東京都議選で小池百合子知事率いる都民ファーストの会が協力し合った公明党など含め79議席(過半数64)を取る圧巻の〝小池劇場〟を演出する一方、自民党は57議席から23議席へと都議選史上最悪の惨敗を喫した。
 築地市場の移転、東京五輪など山積する首都東京が抱える問題への対応の情報開示含めた期待感もあったろうが、都民ファースト圧勝の要因は傲る平家ならぬ自民党に鉄槌を下す受け皿として認められたことであろう。
 都議選の結果は衆議、参議選にも影響する傾向があり、そういう意味合いでは都民ファーストの国政進出は国民も切望するものであり、機を見るに敏な小池さんが見逃すようなことはなく自民党にとって脅威となろう。
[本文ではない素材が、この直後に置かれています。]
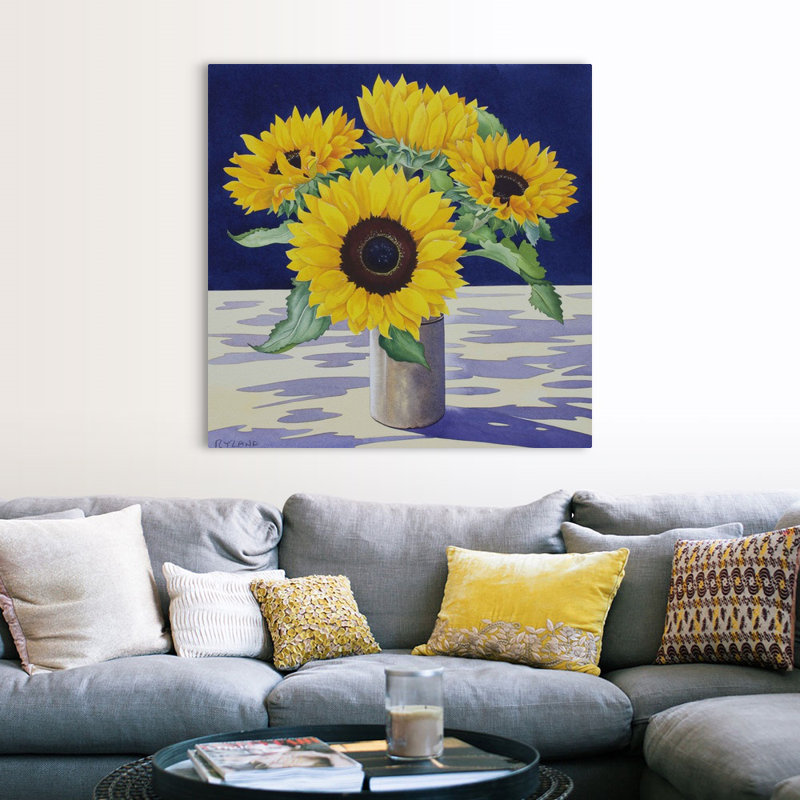 Art mural toile tournesol, Toile tendue, H 48 po x l 48 po x P 1,25 po
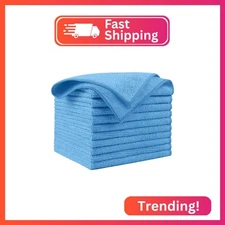 AIDEA Microfiber Cleaning Cloth Blue 10PK, Microfiber Towels for Cars, Premium C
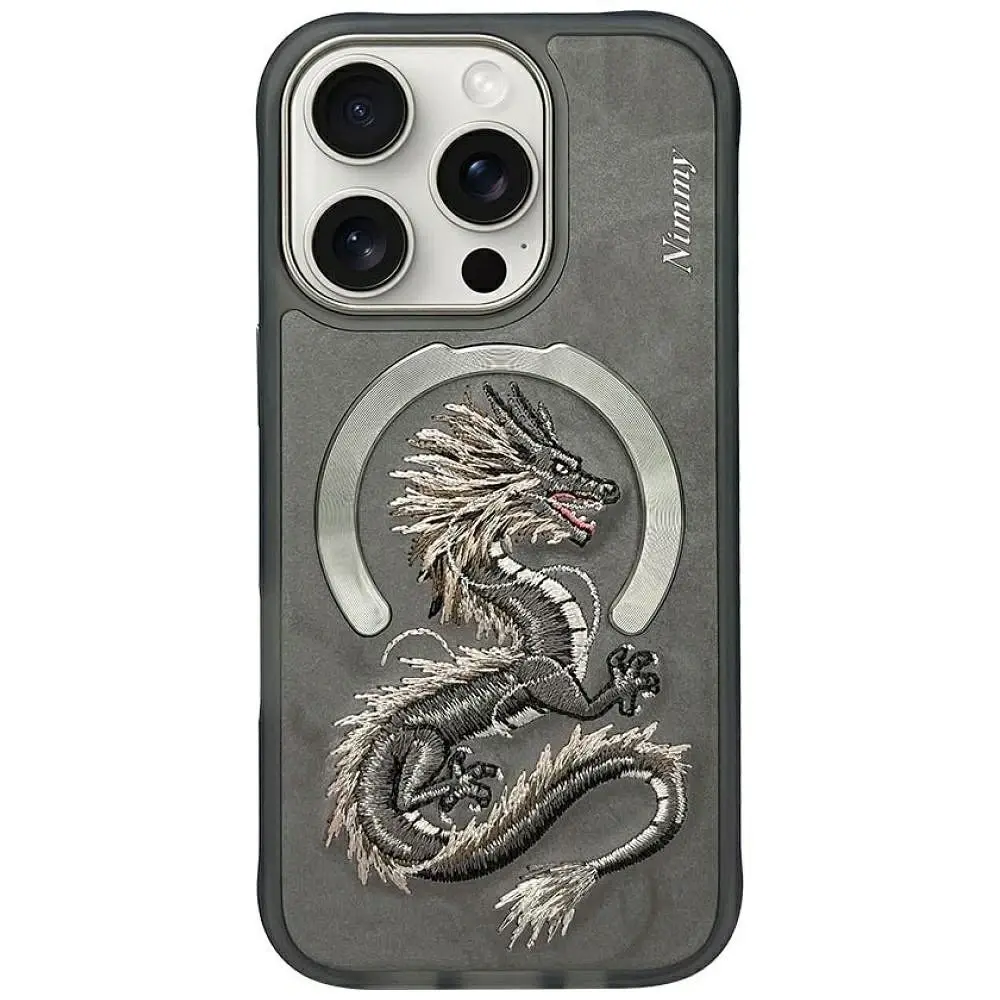 Zadní kryt NIMMY case DRAGON MagSafe pro Apple IPHONE 16 Pro Max, šedá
 自民党の惨敗は色々な事が複合的に作用した結果なのだろうが、一番は稲田防衛相の「自衛隊としても」発言であろうか。この方それまでも政治家として一人の人間として疑うような発言など防衛相辞任に当たる不祥事があったのだが、何故か首のすげ替えをしなかった安倍総理に最後の最後にどえらい苦渋を嘗めさせたものだ。
 もり(森友)、かけ(加計)ソバを食べ窮地に陥った安倍内閣は、今回の都議選での大敗北で漂流感を強めており内閣改造での失地回復を目論んでいるようだが、国民を甘く見ない方がいい。
 とりわけ加計学園問題は野党の閉会中審査を受諾し、安倍さん自ら語ったよう真摯に説明責任を果たさなければならない。
 ポスト安倍の検討も視野に入れなければならない事態に至ったようである。